The Arab states instead attacked Israel, which is why additional land was gained in 1949. It's true that it was by force, but it's just as true that it was unequivocally a defensive war the Israel fought. If you launch a multi-state attack on another state and you lose, it makes sense you'd lose territory.
1967 is a more complicated story. Israel considers the things Egypt were doing to be tantamount to declaring war, so it launched a pre-emptive strike on Egypt. Israelis usually consider this a defensive war, though I think majority opinion outside of Israel is that it was an Israeli attack.
> Which after all was said and done, from the perspective of the vast bulk of the pre-1947 inhabitants -- amount to pretty much the same thing.
This is simply flattening the actual history. Look, there were legitimately two peoples on that land at the time. They both wanted a home state. One group, the Jews, agreed to every single compromise put forward. The other refused every single one, and with their neighboring friends, launched a war of annhilation against the Jews.

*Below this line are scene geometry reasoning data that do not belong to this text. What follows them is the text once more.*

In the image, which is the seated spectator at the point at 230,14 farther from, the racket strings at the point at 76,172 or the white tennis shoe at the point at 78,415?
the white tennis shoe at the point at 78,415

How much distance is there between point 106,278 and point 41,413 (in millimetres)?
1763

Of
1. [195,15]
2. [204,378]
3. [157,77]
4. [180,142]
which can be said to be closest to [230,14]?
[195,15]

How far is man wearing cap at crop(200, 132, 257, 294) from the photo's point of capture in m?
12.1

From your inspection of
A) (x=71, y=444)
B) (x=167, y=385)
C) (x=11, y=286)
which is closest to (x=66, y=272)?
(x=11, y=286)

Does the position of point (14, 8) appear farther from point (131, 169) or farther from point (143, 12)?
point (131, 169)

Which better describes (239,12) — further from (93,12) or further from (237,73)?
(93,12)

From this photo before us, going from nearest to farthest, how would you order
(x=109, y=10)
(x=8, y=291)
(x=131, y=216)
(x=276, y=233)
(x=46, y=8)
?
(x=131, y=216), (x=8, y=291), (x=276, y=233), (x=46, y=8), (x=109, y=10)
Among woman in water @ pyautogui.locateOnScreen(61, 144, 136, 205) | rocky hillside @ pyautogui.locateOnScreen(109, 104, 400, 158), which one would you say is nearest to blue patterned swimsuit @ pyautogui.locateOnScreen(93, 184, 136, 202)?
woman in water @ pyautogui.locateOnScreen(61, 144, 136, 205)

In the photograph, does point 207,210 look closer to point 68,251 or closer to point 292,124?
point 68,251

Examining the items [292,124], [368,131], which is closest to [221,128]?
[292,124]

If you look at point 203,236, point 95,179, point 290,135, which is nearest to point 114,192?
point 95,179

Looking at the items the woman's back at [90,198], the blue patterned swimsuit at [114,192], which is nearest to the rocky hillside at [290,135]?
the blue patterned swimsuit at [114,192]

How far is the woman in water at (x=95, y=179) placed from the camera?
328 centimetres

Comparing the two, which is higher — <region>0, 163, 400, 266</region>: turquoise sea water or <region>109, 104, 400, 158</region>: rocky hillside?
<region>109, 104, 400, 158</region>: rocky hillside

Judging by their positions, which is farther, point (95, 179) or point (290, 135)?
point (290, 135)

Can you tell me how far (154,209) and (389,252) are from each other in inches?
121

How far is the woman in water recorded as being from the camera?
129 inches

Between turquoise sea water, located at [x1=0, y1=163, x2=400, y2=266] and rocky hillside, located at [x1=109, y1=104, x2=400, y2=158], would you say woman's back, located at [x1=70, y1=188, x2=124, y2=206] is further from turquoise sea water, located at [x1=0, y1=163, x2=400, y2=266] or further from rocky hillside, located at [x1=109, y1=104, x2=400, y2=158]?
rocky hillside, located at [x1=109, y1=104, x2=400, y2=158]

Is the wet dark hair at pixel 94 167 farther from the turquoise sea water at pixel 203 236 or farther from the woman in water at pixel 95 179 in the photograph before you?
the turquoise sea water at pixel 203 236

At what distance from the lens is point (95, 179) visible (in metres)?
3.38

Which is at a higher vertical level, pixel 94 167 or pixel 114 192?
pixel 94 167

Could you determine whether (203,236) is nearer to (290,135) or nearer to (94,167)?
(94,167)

You can't refuse every single compromise without offering an alternative, launch a war to force your way, and then complain when you lose!
It's also worth noting that Arab countries controlled the WB and Gaza for twenty-something years after the founding of Israel. And yet none ever did anything to give Palestinians independence or create a Palestinian state on that land, the same land that everyone is shouting "free Palestine" about, including all those Arab countries.